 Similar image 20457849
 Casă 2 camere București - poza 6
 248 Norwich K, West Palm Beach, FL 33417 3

--

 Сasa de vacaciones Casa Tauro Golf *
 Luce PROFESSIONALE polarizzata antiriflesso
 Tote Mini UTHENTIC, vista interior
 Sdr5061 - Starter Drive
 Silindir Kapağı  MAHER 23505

---

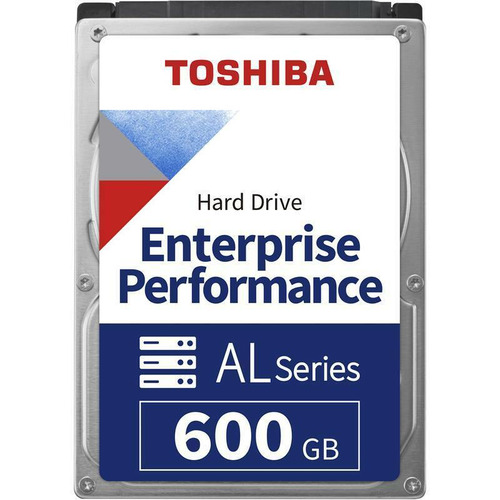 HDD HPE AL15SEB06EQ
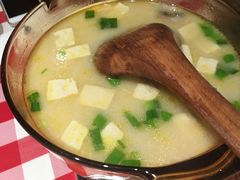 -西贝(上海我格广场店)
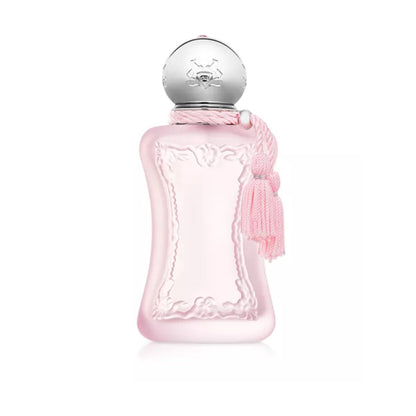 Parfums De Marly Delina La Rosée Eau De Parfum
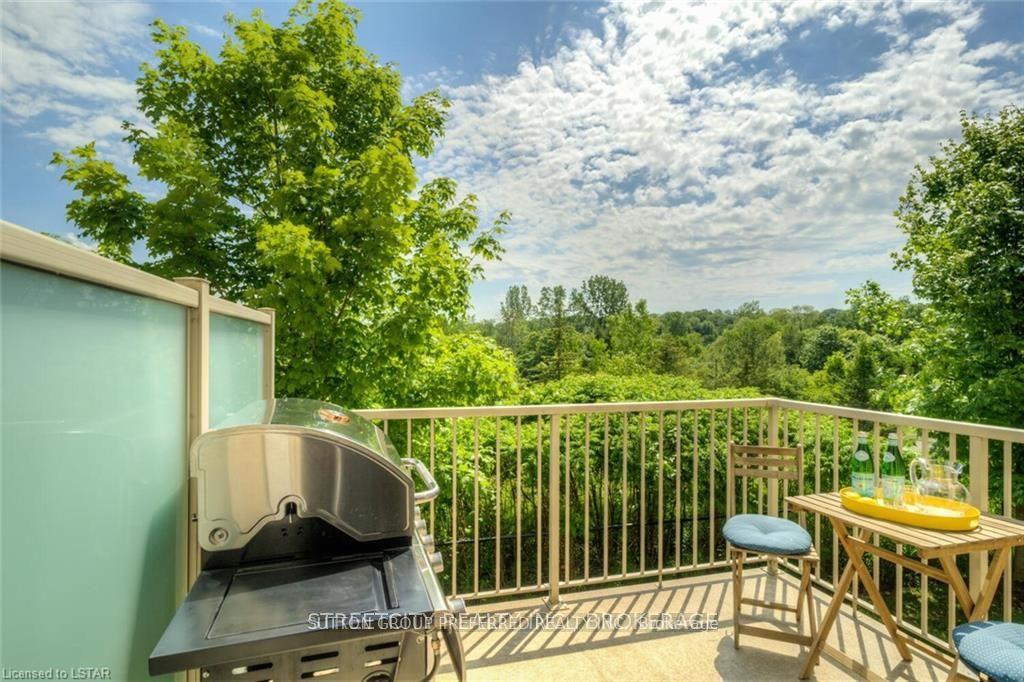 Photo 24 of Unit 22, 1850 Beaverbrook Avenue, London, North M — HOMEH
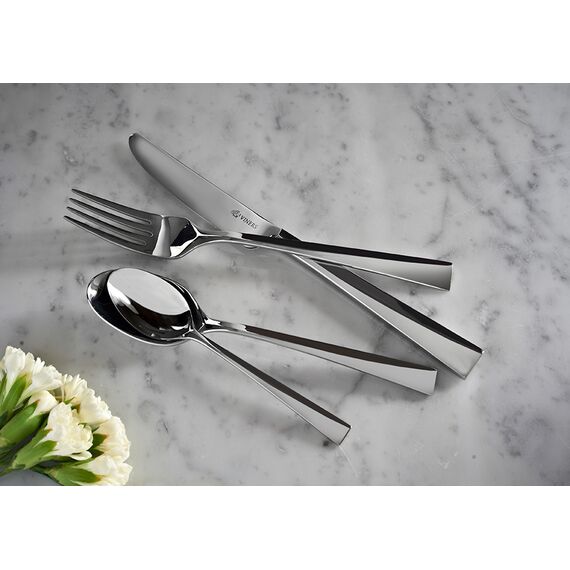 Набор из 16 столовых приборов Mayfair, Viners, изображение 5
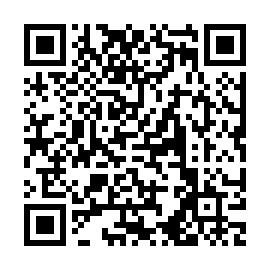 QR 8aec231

» **Problem**
Please give back, exactly as it stands above, the stretch from the line with "Casă 2 camere București - poza 6" through the line with "248 Norwich K, West Palm Beach, FL 33417 3", and no line outside it.

» **Task output**
 Casă 2 camere București - poza 6
 248 Norwich K, West Palm Beach, FL 33417 3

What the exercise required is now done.